Ribadirà a una stupita Fernanda Pivano che lo incalzava nell’intervista citata poc’anzi, «Il problema nucleare? Non rimango sveglio la notte a pensarci. Anzi, non ci penso affatto. Sono indifferente alla distruzione della razza umana, non me ne importa niente. Se spazzassero via tutta l’umanità non si perderebbe niente». La salvezza delle balene, del grande leopardo bianco o della pantera nera sono argomenti che non lo appassionano minimamente, non lo riguardano: «Quello che mi importa è andare a piedi fino all’angolo e comprare il giornale, e leggere di uno stupro avvenuto in strada o di una rapina in banca, e magari andare a fare colazione da qualche parte e bere una birra, e andare in giro e guardare un cane o grattarmi sotto le ascelle. Non mi interessano i grandi problemi». Chiaro?
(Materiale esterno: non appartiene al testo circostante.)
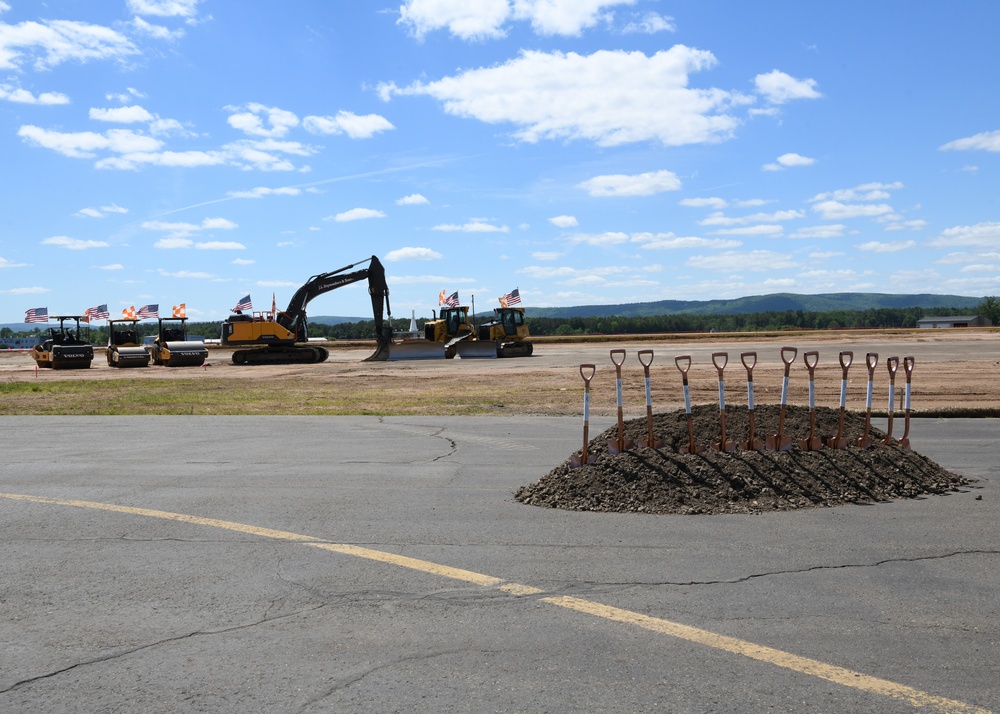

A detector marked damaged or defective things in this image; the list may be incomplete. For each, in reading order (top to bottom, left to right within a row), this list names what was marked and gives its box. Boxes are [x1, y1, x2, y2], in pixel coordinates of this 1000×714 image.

cracked asphalt [0, 414, 996, 708]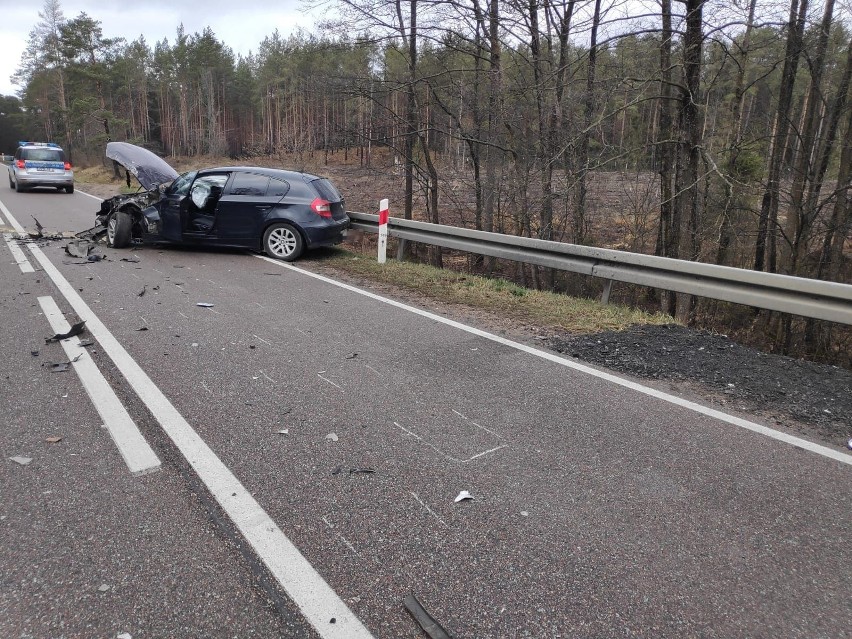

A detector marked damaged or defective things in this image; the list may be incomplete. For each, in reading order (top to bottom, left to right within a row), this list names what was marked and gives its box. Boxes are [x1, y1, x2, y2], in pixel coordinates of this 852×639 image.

damaged dark blue hatchback [99, 142, 350, 260]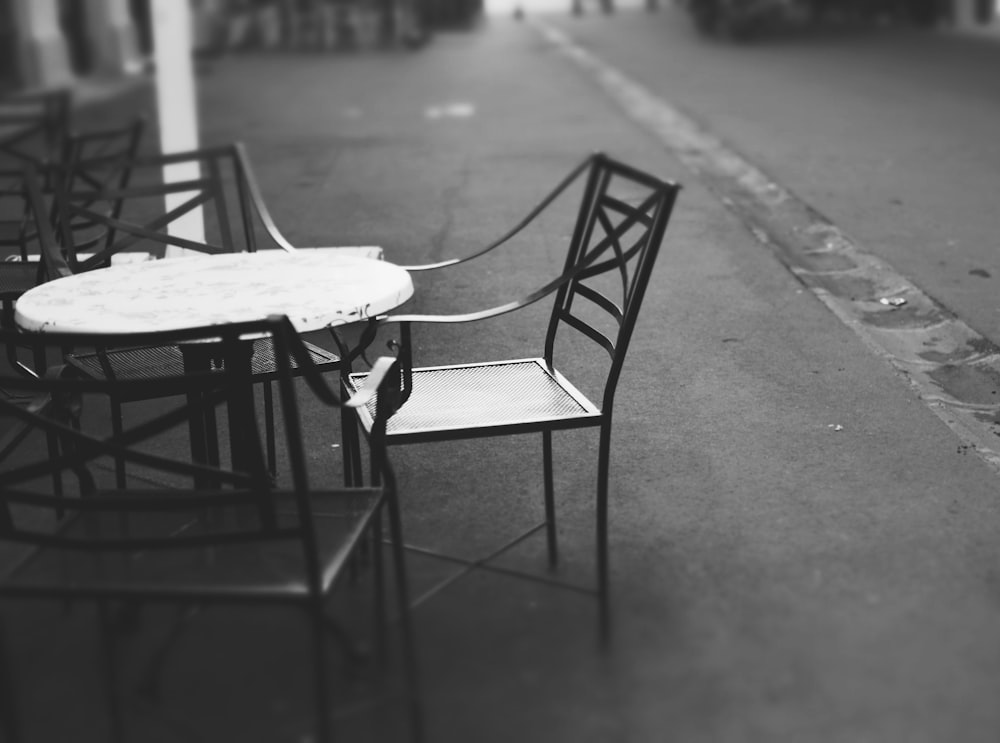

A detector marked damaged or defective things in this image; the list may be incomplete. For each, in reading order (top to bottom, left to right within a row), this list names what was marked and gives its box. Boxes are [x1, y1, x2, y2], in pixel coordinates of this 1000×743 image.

crack in pavement [536, 18, 1000, 476]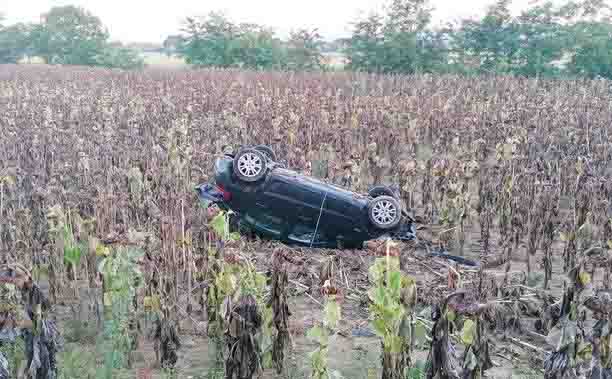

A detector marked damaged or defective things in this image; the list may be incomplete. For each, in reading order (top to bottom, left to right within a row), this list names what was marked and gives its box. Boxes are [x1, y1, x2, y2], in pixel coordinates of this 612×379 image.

overturned black car [196, 147, 416, 251]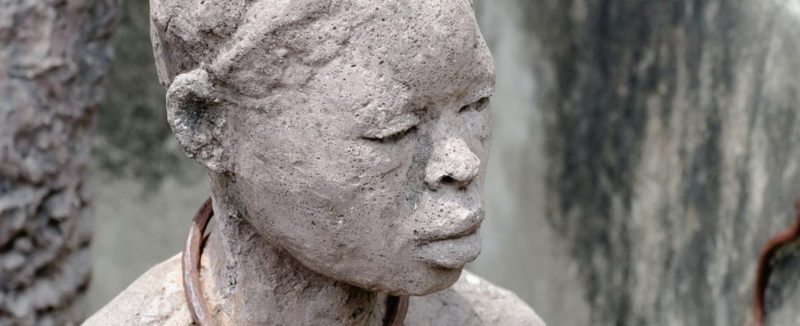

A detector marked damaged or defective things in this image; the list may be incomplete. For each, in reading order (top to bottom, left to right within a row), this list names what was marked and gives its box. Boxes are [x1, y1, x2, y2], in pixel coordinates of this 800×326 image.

rusty metal ring [180, 197, 406, 324]
rusty metal ring [752, 195, 796, 324]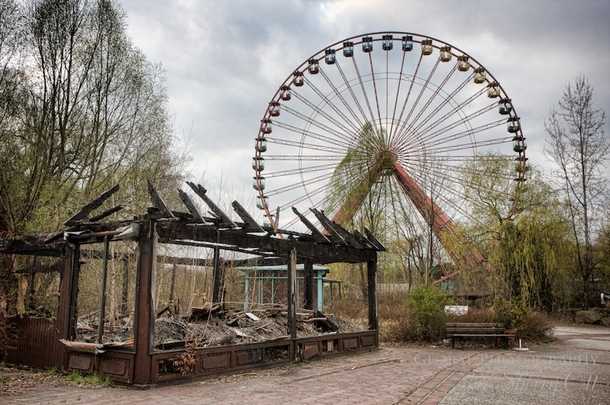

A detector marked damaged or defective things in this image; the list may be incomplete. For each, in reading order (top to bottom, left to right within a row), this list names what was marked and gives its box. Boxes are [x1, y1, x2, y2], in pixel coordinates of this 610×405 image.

rusted metal frame [64, 185, 120, 226]
rusted metal frame [156, 223, 376, 264]
rusted metal frame [132, 219, 154, 384]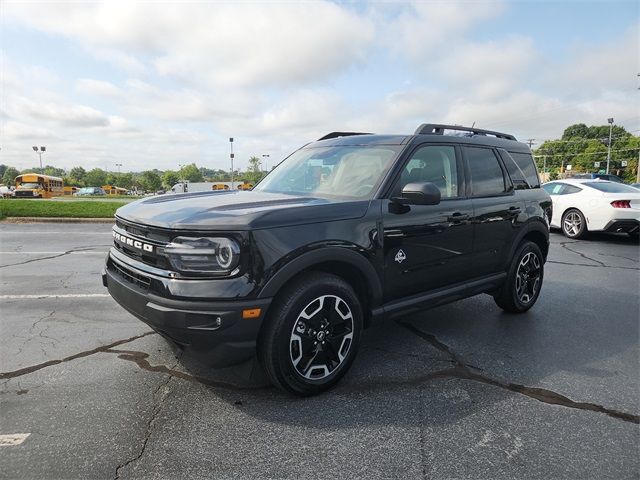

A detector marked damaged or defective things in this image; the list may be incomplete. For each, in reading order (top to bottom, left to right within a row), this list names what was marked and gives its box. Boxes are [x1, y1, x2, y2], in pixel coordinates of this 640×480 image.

parking lot crack [0, 330, 156, 378]
parking lot crack [398, 322, 636, 424]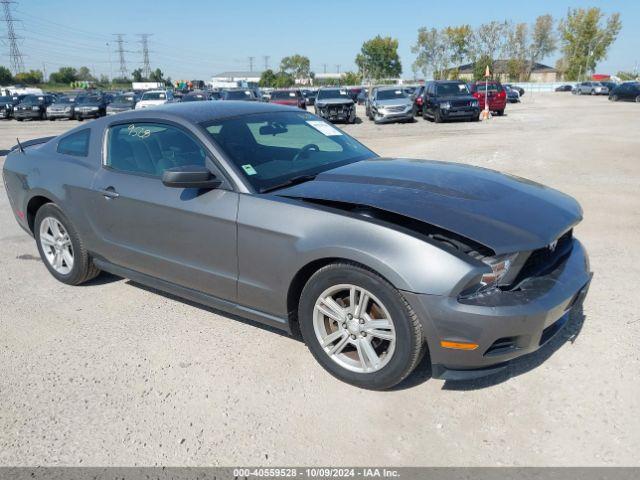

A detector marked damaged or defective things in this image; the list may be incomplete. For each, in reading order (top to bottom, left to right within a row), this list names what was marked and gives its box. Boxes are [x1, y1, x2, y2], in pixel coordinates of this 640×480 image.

crumpled hood [278, 158, 584, 255]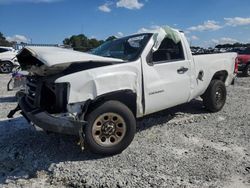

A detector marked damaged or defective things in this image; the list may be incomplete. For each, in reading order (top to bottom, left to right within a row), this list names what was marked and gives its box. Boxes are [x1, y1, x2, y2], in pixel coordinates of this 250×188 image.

crumpled hood [16, 46, 124, 75]
damaged grille [25, 76, 68, 113]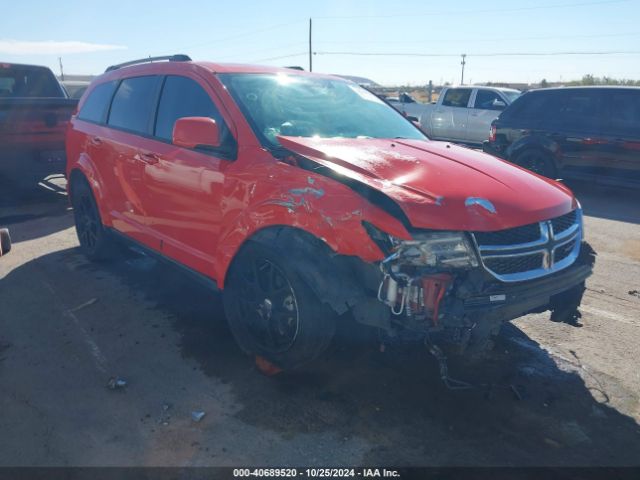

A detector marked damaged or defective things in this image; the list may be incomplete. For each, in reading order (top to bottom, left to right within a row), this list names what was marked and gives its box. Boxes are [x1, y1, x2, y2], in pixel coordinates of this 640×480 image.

front wheel well damage [225, 226, 378, 316]
damaged red suv [66, 56, 596, 372]
crumpled hood [278, 136, 576, 232]
broken headlight [396, 231, 480, 268]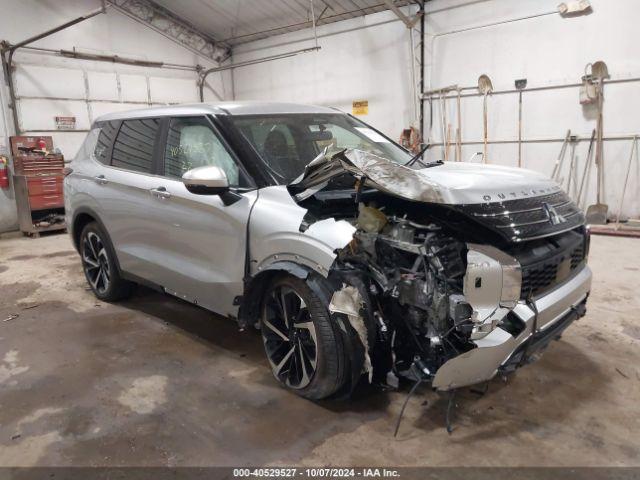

Bukowski non si prende mai sul serio, ricorda l’americanista Alessandro Carrera. Però, pur con le sue ingenuità dozzinali, le sue sbronze miserevoli, prendeva terribilmente sul serio la letteratura, come appare chiaro in queste Notti di bevute e schiamazzi. Anche se il suo concetto di letteratura era, diciamolo pure, molto personale. Molto alcolico. «Se succede qualcosa di brutto bevi per dimenticare. Se succede qualcosa di bello bevi per festeggiare. E se non succede niente bevi per far succedere qualcosa».